● Work to complete
Your task is to copy all of the entries exactly as they are given.

● Study material
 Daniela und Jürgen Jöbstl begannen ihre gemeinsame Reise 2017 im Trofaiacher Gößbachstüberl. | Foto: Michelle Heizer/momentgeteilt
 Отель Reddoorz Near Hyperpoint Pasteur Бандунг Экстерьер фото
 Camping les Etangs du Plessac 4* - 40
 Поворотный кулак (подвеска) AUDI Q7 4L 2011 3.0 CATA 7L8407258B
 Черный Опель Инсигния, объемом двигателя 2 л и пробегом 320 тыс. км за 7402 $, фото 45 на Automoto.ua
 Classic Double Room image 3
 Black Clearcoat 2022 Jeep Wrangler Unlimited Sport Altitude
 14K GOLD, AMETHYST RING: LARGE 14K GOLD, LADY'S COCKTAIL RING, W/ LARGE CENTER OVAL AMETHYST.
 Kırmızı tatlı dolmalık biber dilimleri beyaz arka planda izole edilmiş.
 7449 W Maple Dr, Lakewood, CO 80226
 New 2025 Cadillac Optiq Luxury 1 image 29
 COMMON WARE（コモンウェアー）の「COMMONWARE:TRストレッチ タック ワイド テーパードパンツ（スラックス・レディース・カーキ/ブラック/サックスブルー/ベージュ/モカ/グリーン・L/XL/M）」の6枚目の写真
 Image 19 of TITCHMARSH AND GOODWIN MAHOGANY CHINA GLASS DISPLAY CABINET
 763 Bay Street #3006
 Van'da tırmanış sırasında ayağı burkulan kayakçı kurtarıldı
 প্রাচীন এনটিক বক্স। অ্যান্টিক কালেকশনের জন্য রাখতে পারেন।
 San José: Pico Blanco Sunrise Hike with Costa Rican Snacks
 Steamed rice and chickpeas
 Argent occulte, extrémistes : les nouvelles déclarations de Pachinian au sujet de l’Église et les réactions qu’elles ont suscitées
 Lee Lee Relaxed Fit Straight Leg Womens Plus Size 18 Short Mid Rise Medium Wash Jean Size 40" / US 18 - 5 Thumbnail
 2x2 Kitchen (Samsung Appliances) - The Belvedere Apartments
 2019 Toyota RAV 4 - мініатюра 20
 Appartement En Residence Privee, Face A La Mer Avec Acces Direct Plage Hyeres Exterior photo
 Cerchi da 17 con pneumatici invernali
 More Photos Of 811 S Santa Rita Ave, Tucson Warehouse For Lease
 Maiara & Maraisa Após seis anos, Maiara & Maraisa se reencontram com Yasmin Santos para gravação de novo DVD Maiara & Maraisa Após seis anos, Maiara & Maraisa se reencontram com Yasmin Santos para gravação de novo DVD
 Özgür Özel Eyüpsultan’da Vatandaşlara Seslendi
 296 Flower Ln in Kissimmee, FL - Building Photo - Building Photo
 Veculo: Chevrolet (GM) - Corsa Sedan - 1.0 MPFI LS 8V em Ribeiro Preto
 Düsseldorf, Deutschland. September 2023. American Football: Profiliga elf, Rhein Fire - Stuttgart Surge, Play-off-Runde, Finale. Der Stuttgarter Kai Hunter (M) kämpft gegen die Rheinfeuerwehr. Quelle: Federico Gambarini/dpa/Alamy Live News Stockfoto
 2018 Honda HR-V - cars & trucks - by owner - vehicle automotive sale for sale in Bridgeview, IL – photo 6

● Completed task
 Daniela und Jürgen Jöbstl begannen ihre gemeinsame Reise 2017 im Trofaiacher Gößbachstüberl. | Foto: Michelle Heizer/momentgeteilt
 Отель Reddoorz Near Hyperpoint Pasteur Бандунг Экстерьер фото
 Camping les Etangs du Plessac 4* - 40
 Поворотный кулак (подвеска) AUDI Q7 4L 2011 3.0 CATA 7L8407258B
 Черный Опель Инсигния, объемом двигателя 2 л и пробегом 320 тыс. км за 7402 $, фото 45 на Automoto.ua
 Classic Double Room image 3
 Black Clearcoat 2022 Jeep Wrangler Unlimited Sport Altitude
 14K GOLD, AMETHYST RING: LARGE 14K GOLD, LADY'S COCKTAIL RING, W/ LARGE CENTER OVAL AMETHYST.
 Kırmızı tatlı dolmalık biber dilimleri beyaz arka planda izole edilmiş.
 7449 W Maple Dr, Lakewood, CO 80226
 New 2025 Cadillac Optiq Luxury 1 image 29
 COMMON WARE（コモンウェアー）の「COMMONWARE:TRストレッチ タック ワイド テーパードパンツ（スラックス・レディース・カーキ/ブラック/サックスブルー/ベージュ/モカ/グリーン・L/XL/M）」の6枚目の写真
 Image 19 of TITCHMARSH AND GOODWIN MAHOGANY CHINA GLASS DISPLAY CABINET
 763 Bay Street #3006
 Van'da tırmanış sırasında ayağı burkulan kayakçı kurtarıldı
 প্রাচীন এনটিক বক্স। অ্যান্টিক কালেকশনের জন্য রাখতে পারেন।
 San José: Pico Blanco Sunrise Hike with Costa Rican Snacks
 Steamed rice and chickpeas
 Argent occulte, extrémistes : les nouvelles déclarations de Pachinian au sujet de l’Église et les réactions qu’elles ont suscitées
 Lee Lee Relaxed Fit Straight Leg Womens Plus Size 18 Short Mid Rise Medium Wash Jean Size 40" / US 18 - 5 Thumbnail
 2x2 Kitchen (Samsung Appliances) - The Belvedere Apartments
 2019 Toyota RAV 4 - мініатюра 20
 Appartement En Residence Privee, Face A La Mer Avec Acces Direct Plage Hyeres Exterior photo
 Cerchi da 17 con pneumatici invernali
 More Photos Of 811 S Santa Rita Ave, Tucson Warehouse For Lease
 Maiara & Maraisa Após seis anos, Maiara & Maraisa se reencontram com Yasmin Santos para gravação de novo DVD Maiara & Maraisa Após seis anos, Maiara & Maraisa se reencontram com Yasmin Santos para gravação de novo DVD
 Özgür Özel Eyüpsultan’da Vatandaşlara Seslendi
 296 Flower Ln in Kissimmee, FL - Building Photo - Building Photo
 Veculo: Chevrolet (GM) - Corsa Sedan - 1.0 MPFI LS 8V em Ribeiro Preto
 Düsseldorf, Deutschland. September 2023. American Football: Profiliga elf, Rhein Fire - Stuttgart Surge, Play-off-Runde, Finale. Der Stuttgarter Kai Hunter (M) kämpft gegen die Rheinfeuerwehr. Quelle: Federico Gambarini/dpa/Alamy Live News Stockfoto
 2018 Honda HR-V - cars & trucks - by owner - vehicle automotive sale for sale in Bridgeview, IL – photo 6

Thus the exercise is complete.